When running this code I expected to see it print "Contiguous storage!". However, no such thing prints.

import Foundation
let data = Data(bytes: [0x48, 0x65, 0x6C, 0x6C, 0x6f], count: 5)
data.withContiguousStorageIfAvailable { _ in
    print("Contiguous storage!")
}

Does this mean that Data does not support an internal representation as contiguous storage? That feels odd since, Data has a protocol ContiguousBytes. And I could have sworn that there was an announcement about Data guaranteeing contiguous bytes.

What am I doing wrong?

A subtle point that could likely be called out a little bit more explicitly in documentation, but the purpose of withContiguousStorageIfAvailable is to offer access to the underlying storage of a Sequence or Collection if it is typed.
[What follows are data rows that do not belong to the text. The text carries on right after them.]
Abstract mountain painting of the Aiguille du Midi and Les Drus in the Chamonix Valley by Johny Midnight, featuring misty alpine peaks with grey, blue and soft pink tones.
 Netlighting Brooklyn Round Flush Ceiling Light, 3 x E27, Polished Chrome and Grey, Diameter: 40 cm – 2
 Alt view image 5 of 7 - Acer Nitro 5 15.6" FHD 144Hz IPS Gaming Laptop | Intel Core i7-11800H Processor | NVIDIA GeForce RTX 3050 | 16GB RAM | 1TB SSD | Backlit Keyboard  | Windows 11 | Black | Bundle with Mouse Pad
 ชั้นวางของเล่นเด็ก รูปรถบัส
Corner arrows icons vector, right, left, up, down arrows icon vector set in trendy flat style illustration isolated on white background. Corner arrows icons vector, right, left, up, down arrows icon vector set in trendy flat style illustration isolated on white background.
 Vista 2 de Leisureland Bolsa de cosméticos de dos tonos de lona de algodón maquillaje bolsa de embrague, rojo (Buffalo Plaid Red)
This is implicit in the parameter to the closure passed to withContiguousStorageIfAvailable: it accepts an UnsafeBufferPointer bound to the Element type of the Sequence/Collection.

Data, however, is untyped (AKA, raw), and cannot provide a typed pointer without binding its underlying storage, which is not strictly valid if the buffer is already bound to another data type. Instead, through ContiguousBytes, it offers an UnsafeRawBufferPointer with raw byte access to its underlying buffer.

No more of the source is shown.